■ Activity ■
Extract only the lines running from the top of the entries to the line that holds "Seidel Premium vierkante". Include that line and omit the pictures.

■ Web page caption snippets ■
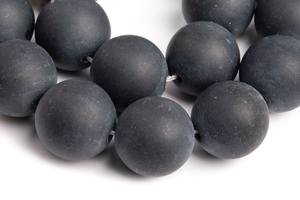 ลูกปัดหินอาเกตแท้ธรรมชาติ สีดำด้าน รูปทรงกลม สำหรับทำเครื่องประดับ สร้อยข้อมือ งานฝีมือ DIY - Product Image 3
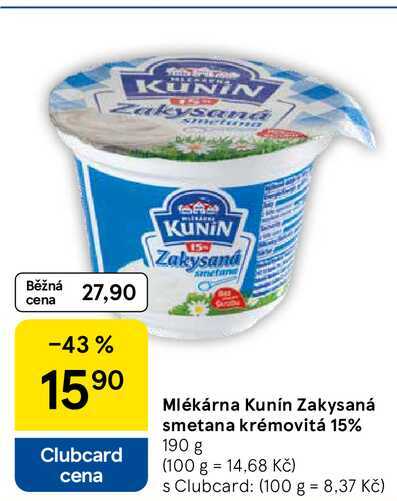 Mlékárna Kunín Zakysaná smetana krémovitá 15%, 190 g  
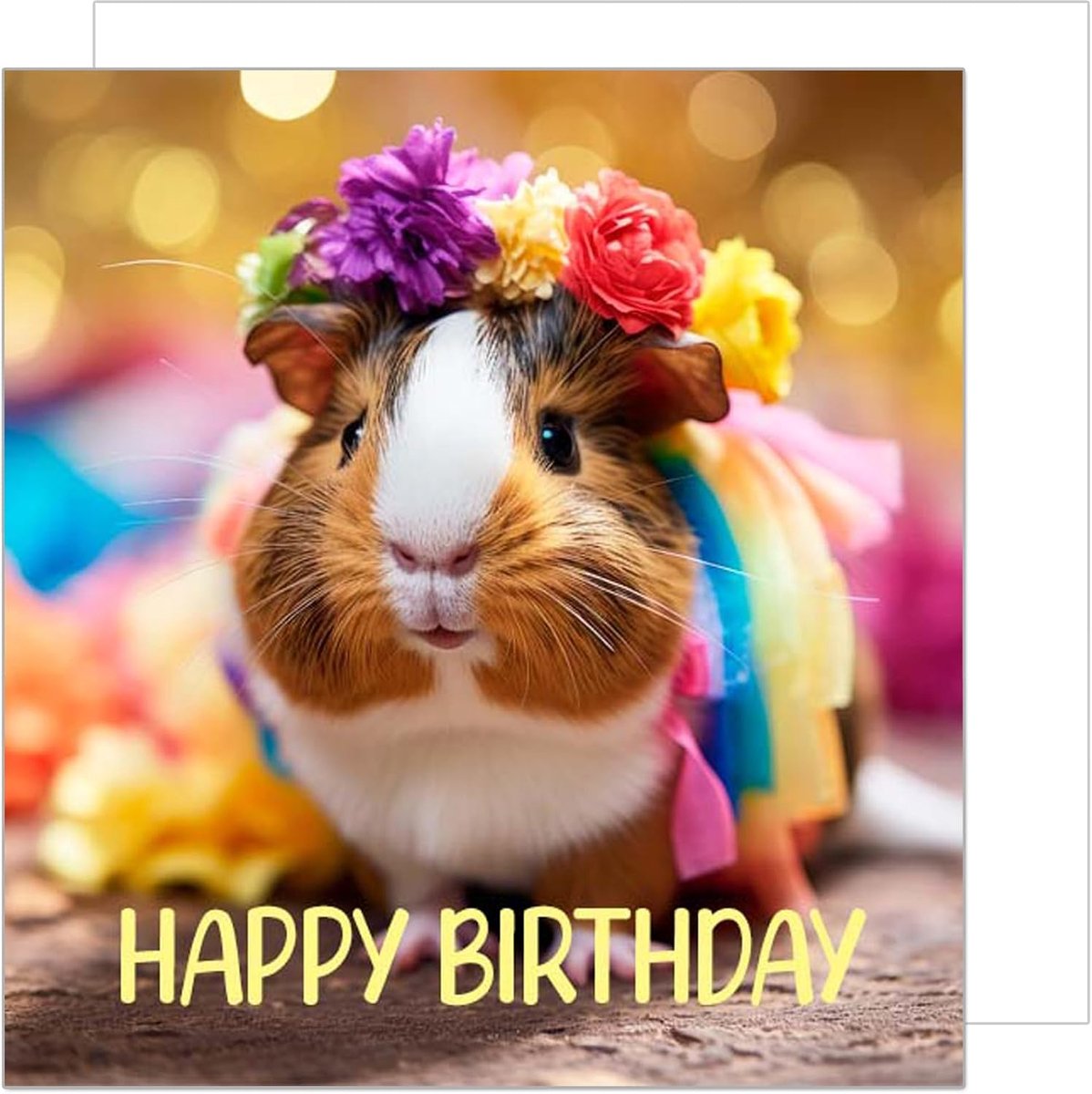 Seidel Premium vierkante verjaardagskaart met envelop. Wenskaart Happy Birthday Billet dier kaart man vrouw kinderen schattige cavia kleurrijke bloemen (GQ170 SW024)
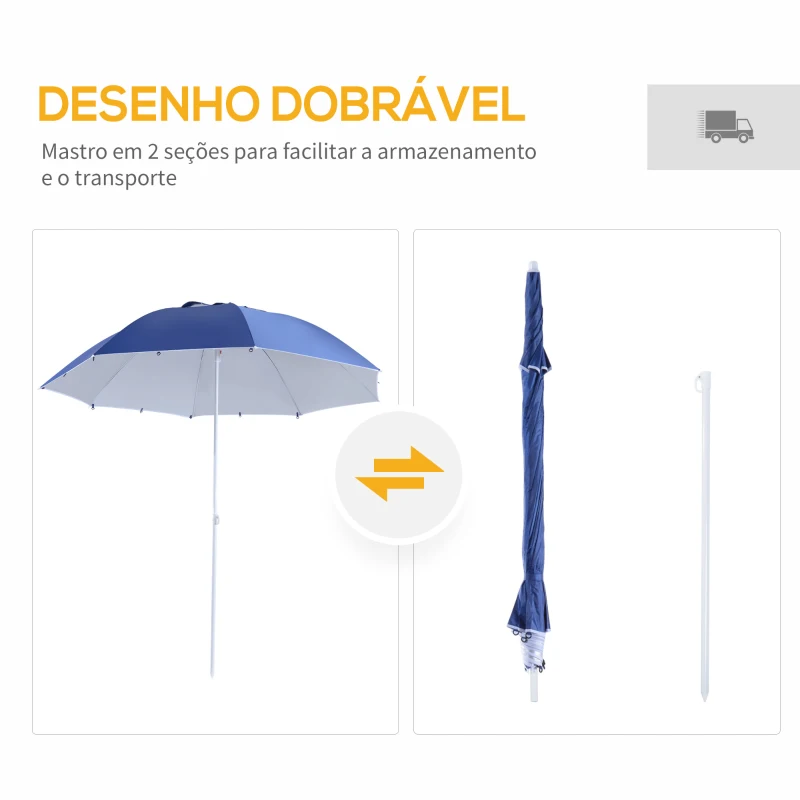 Outsunny Chapéu de Sol de Praia com Painéis Laterais Tipo Tenda Chapéu de Sol para Praia com Proteção UV50 Φ210x222cm Azul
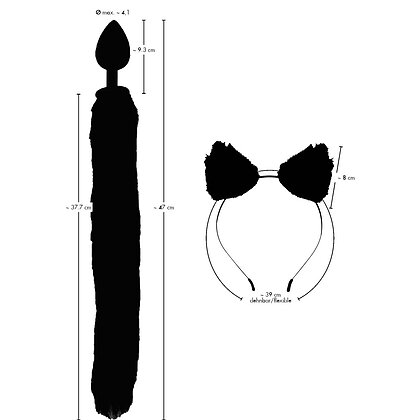 Set Bad Kitty Pet Play Plug And Ears Negru 6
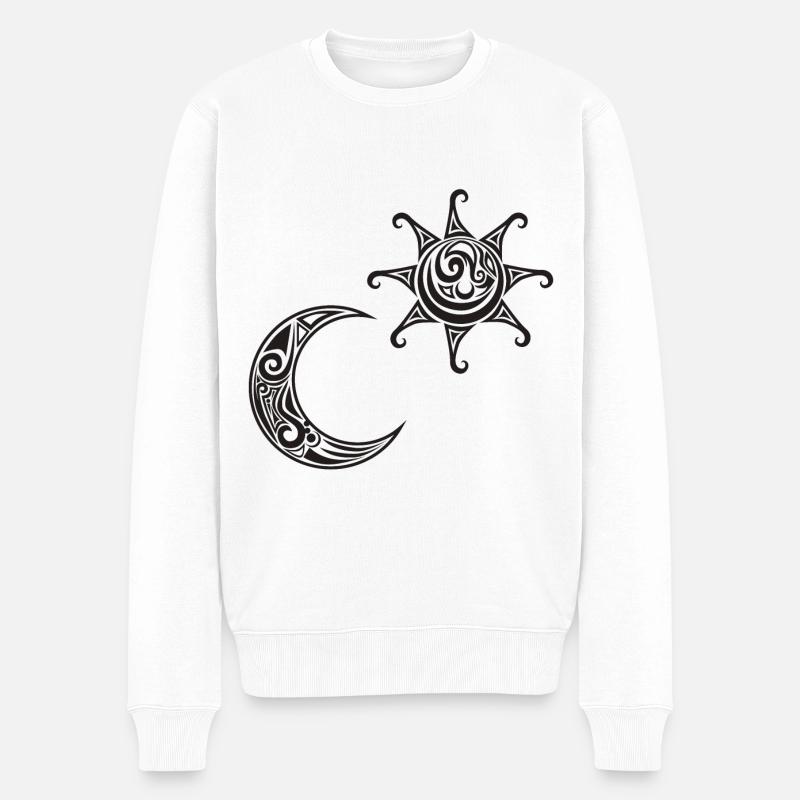 Sonne und Mond Tattoo Design - Männer Premium Bio Pullover - Weiß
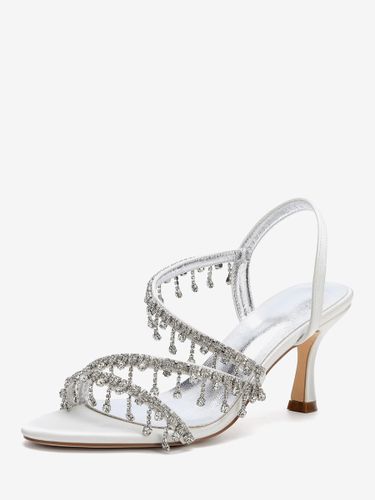 Chaussures de mariée à bout ouvert et strass à brides - milanoo.com - Modalova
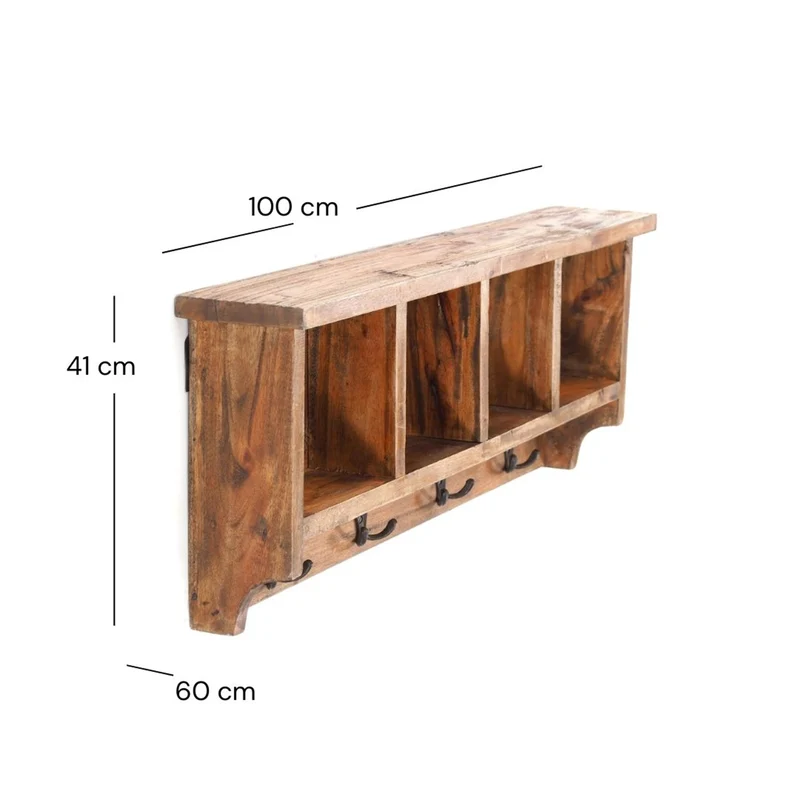 RUSTIKALE WANDGARDEROBE mit Fächern "VINTAGE 70" | 70x27x11cm(BxHxT) | Farbe: 01 natur-vintage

■ Written response ■
 ลูกปัดหินอาเกตแท้ธรรมชาติ สีดำด้าน รูปทรงกลม สำหรับทำเครื่องประดับ สร้อยข้อมือ งานฝีมือ DIY - Product Image 3
 Mlékárna Kunín Zakysaná smetana krémovitá 15%, 190 g  
 Seidel Premium vierkante verjaardagskaart met envelop. Wenskaart Happy Birthday Billet dier kaart man vrouw kinderen schattige cavia kleurrijke bloemen (GQ170 SW024)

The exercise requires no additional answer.